Embora a questão da Ucrânia possa parecer à primeira vista uma das mais fáceis de resolver, porque os Estados Unidos não têm pessoal militar, como no Iraque ou no Afeganistão, não o é, se não andar de mãos dadas com o Médio Oriente . O Presidente Vladimir Putin propôs a criação de um novo sistema de garantias de segurança colectiva na Eurásia face ao fracasso do modelo euro-atlântico.
Ou seja, trata-se principalmente da União Estatal (da Rússia e da Bielorrússia), da Organização do Tratado de Segurança Colectiva (CSTO), da Comunidade de Estados Independentes (CEI), da Organização de Cooperação de Xangai (CSO) e, portanto, se ainda não o fez, Como não percebi, a Rússia, a China e o Irão estão interligados. O controlo do Médio Oriente pelos Estados Unidos, no âmbito da sua aliança estratégica com Israel, enfrenta desafios importantes no contexto atual.
Resta apenas um tema de especulação, para além da imigração, da saúde, da educação, da guerra comercial com a China, das tarifas, entre muitos outros, que ficará para análise futura. Mas a hipotética retirada dos Estados Unidos como “gendarme global”, embora não da América Latina, o seu “quintal”, merece um parágrafo, especialmente para o Brasil e a Venezuela.
Brasil entre os Estados Unidos e os BRICS
O Brasil deu uma explicação infeliz para o seu veto a Caracas na adesão aos BRICS. Segundo o governo, é porque o presidente Nicolás Maduro abusou da confiança de Lula após as eleições presidenciais ao não cumprir a sua promessa de apresentar os registos oficiais dos resultados das eleições presidenciais.

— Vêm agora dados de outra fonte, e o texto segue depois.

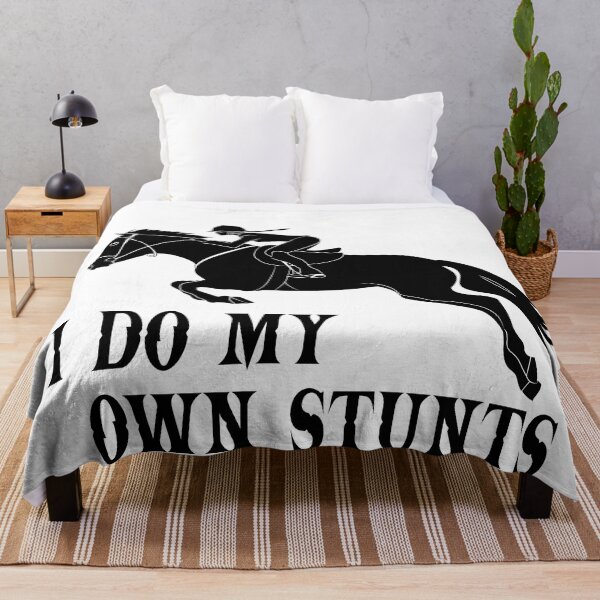 Item preview, I Do My Own Stunts Horseriding Silhouette designed and sold by TheInkElephant.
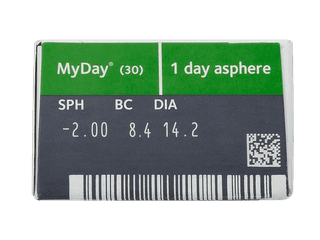 MyDay daily disposable (30 db lencse) - Paraméterek előnézete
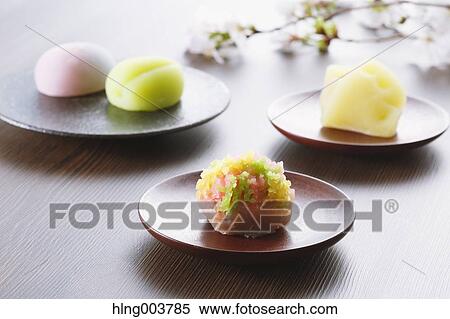 Japanese confectionery View Large Photo Image Stock Photography - Japanese confectionery. Fotosearch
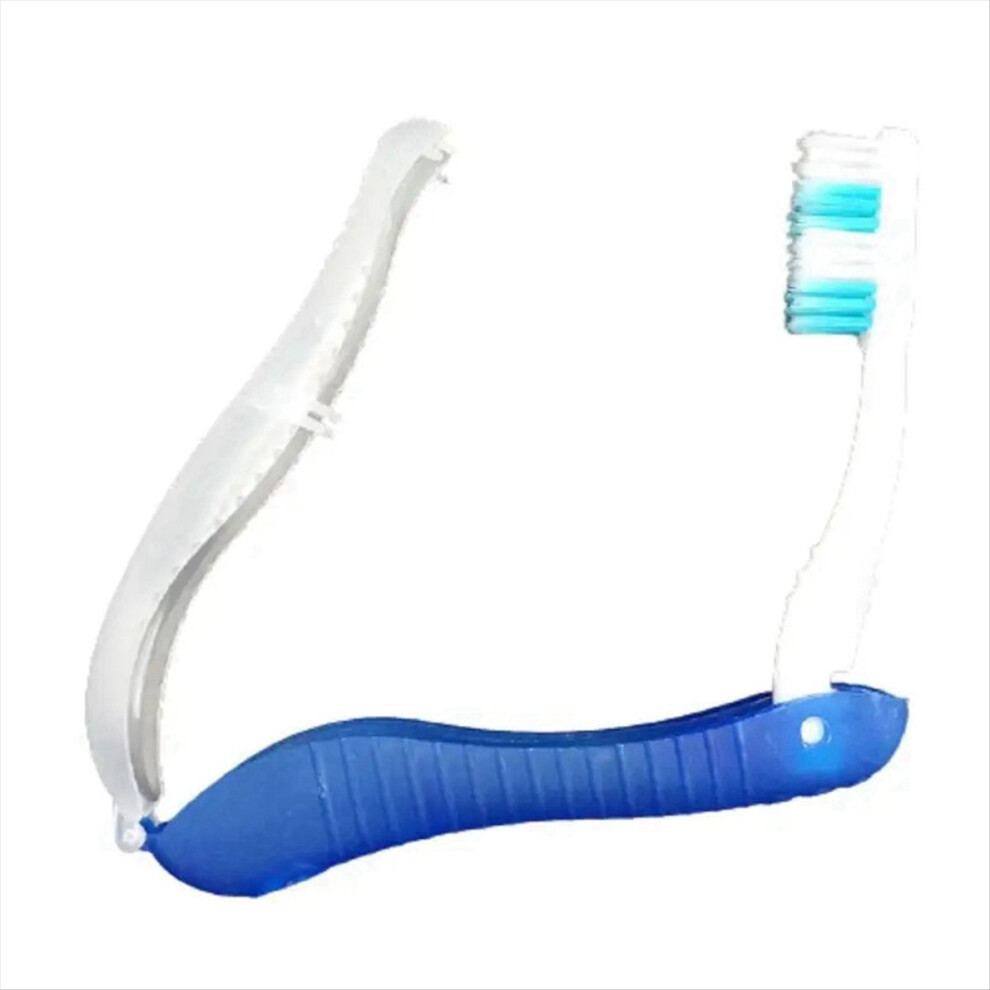 Hygiene Oral Portable Disposable Folding Travel Camping Toothbrush,A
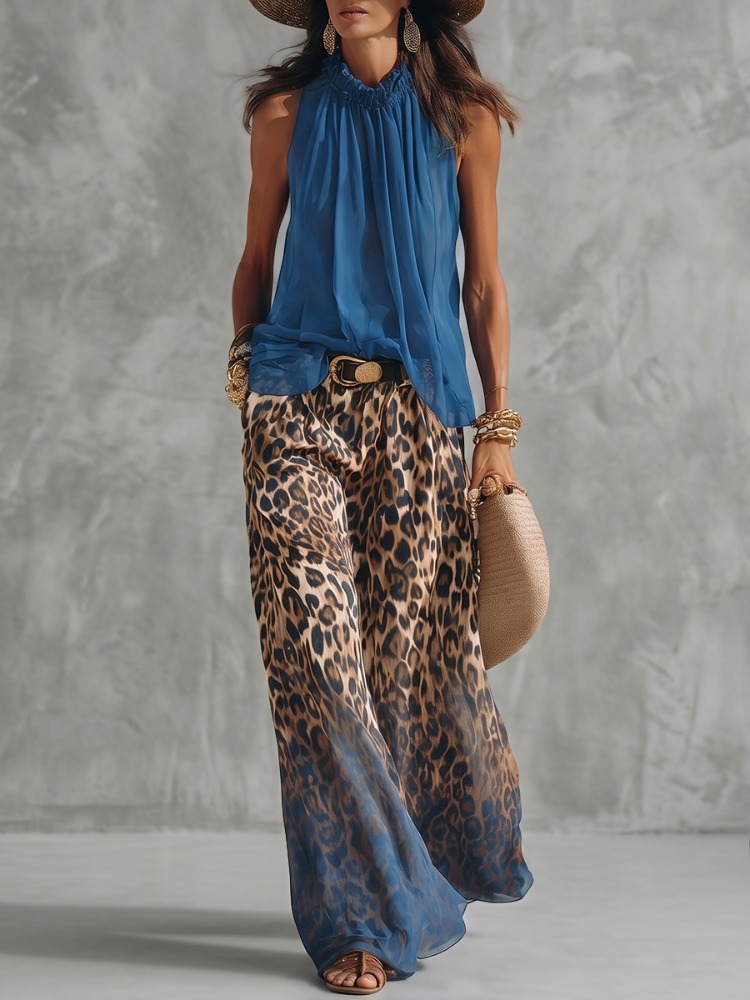Yeezzi Damskie Modne Spodnie z – Palazzo Pant Wide recenzja i cena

A Venezuela é a maior reserva de petróleo do mundo, portanto incorporá-la ao lado dos BRICS era um objetivo estratégico para eles, o que incomodava os seus membros. Que autoridade o Brasil tem para exigir explicações para uma ação soberana de outro país? Mesmo como mediador na América do Sul, este gesto parece hostil e “inexplicável e imoral”.
A “autonomia pragmática” do Brasil busca o equilíbrio num contexto internacional complicado, marcado pelas guerras na Ucrânia e em Gaza. No entanto, esta posição parece desfavorável à manutenção da verdadeira neutralidade. Ainda assim, e tentando ganhar terreno em ambos os lados do tribunal, como a Turquia, o veto da Venezuela à sua entrada nos BRICS parece mais uma execução de Maduro e um favorecimento ao jogo de Trump do que uma medida de autonomia moral.
Em conclusão, os Estados Unidos continuam a enfrentar desafios monumentais no seu papel como potência global. Desde a forma como lidou com as guerras na Ucrânia e no Médio Oriente até à sua influência na América Latina, a sua política externa parece estar dividida entre a continuidade e o recuo estratégico. No entanto, a reconfiguração de alianças globais e regionais, como os BRICS e a NATO, reflete que o mundo tende a estabilizar-se numa nova ordem multipolar.